# REQUIRED WORK:
Find the line with "家庭菜園や農園でニンニクを大" in the entries below, then output every line from it down to the line with "Hooded Siskin - ML647245517", exactly and with no pictures.

# PROVIDED MATERIAL:
****************************************

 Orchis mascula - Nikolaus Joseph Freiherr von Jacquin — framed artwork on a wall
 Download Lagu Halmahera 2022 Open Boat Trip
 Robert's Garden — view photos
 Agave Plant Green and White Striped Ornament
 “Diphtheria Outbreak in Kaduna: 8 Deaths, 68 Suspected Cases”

****************************************

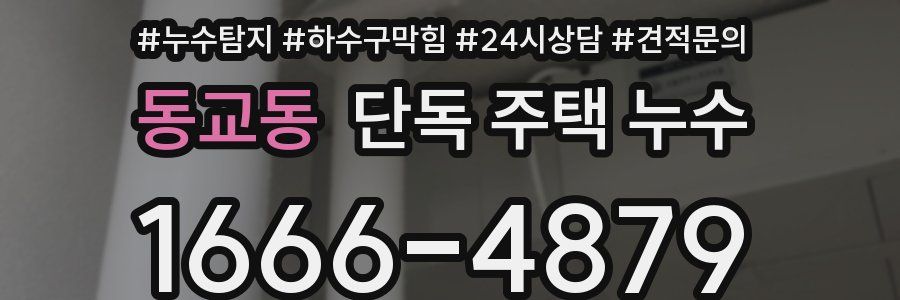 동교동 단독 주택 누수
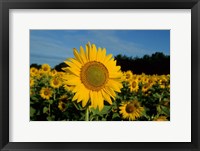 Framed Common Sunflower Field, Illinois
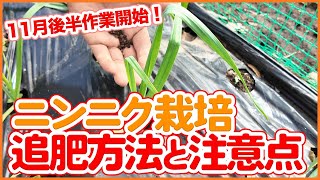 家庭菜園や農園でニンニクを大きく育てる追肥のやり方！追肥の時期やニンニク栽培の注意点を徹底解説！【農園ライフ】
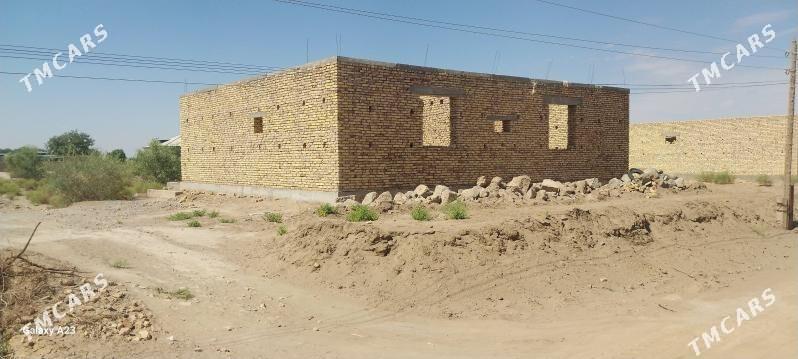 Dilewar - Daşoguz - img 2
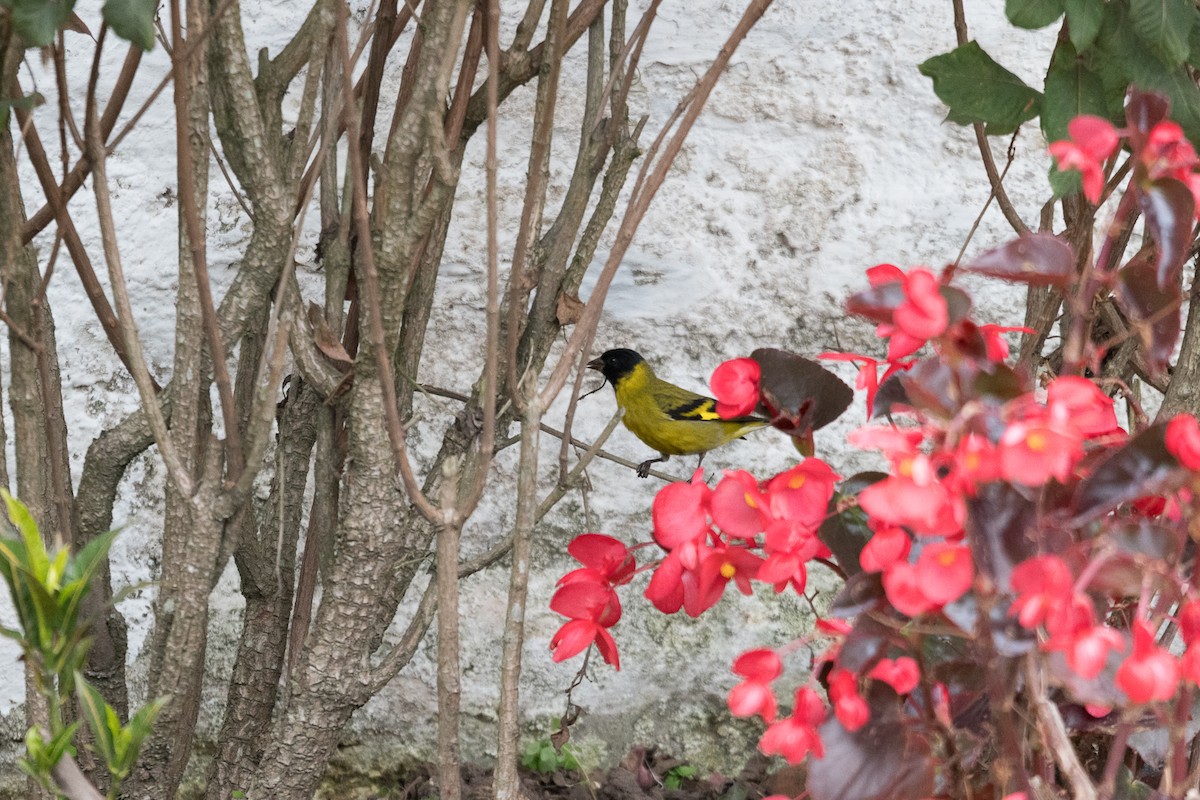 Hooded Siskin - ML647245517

****************************************

# TASK OUTPUT:
 家庭菜園や農園でニンニクを大きく育てる追肥のやり方！追肥の時期やニンニク栽培の注意点を徹底解説！【農園ライフ】
 Dilewar - Daşoguz - img 2
 Hooded Siskin - ML647245517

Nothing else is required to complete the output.